Gli stessi dubbi chiaramente sono presenti nei settori della sanità, della finanza della logistica: sono interrogativi che riguardano il valore della vita umana, della sicurezza di interi Peesi e della dignità del lavoro. C’è chi oltre ai vantaggi nell’economia e nella produzione, azzarda previsioni di vantaggi e progressi anche nel mercato del lavoro, in termine di abolizione dei lavori più dequalificati, ripetitivi e pericolosi sostituiti da nuove professioni, più ricche di competenze e più remunerate. Ma al momento nell’attuale mercato del lavoro stiamo facendo i conti più con gli inconvenienti che con i vantaggi. Basta vedere ciò che accade nel settore della logistica, dove gli algoritmi gestiscono la vita di milioni di persone. E dove le grandi multinazionali, come Amazon, attraverso il dominio delle piattaforme informatiche incentivano l’esternalizzazione della produzione e dei servizi rendendo il lavoratore sempre più debole e povero. Situazione che accade anche nel food delivery e nei servizi finanziari.

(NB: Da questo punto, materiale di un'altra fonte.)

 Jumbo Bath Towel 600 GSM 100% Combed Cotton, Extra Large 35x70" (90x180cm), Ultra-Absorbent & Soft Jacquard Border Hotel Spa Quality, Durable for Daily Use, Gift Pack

Oltretutto, mentre nelle precedenti rivoluzioni industriali dopo una iniziale distruzione di posti di lavoro ormai obsoleti, l’utilizzo delle macchine portò a una creazione di nuovi lavori, questa volta sembra non essere così. Stiamo infatti vivendo una fase di forte accelerazione della parcellizzazione del mercato del lavoro e una destrutturazione del quadro giuridico dei conseguenti rapporti. Ci sono scelte urgenti che il sindacato – insieme con le Istituzioni europee e nazionali – deve compiere, perché queste incideranno sul futuro di giovani, che se oggi hanno la fortuna di essere occupati, difficilmente si ritrovano un lavoro dignitoso. L’incertezza è imperante, ma l’attuale tasso di sostituzione di lavoro tradizionale con lavoro digitale è negativo, ed è sicuramente in atto un forte aumento di lavoratori self employment e un maggior numero di ragazzi e ragazze che pur di mettere insieme il necessario per sopravvivere devono cumulare diversi ruoli lavorativi e pluriattività. La continua richiesta di flessibilità e i salari sempre più bassi spalancano le porte a una sfida difficile, a una partita a scacchi complessa, che però il sindacato non può permettersi di perdere.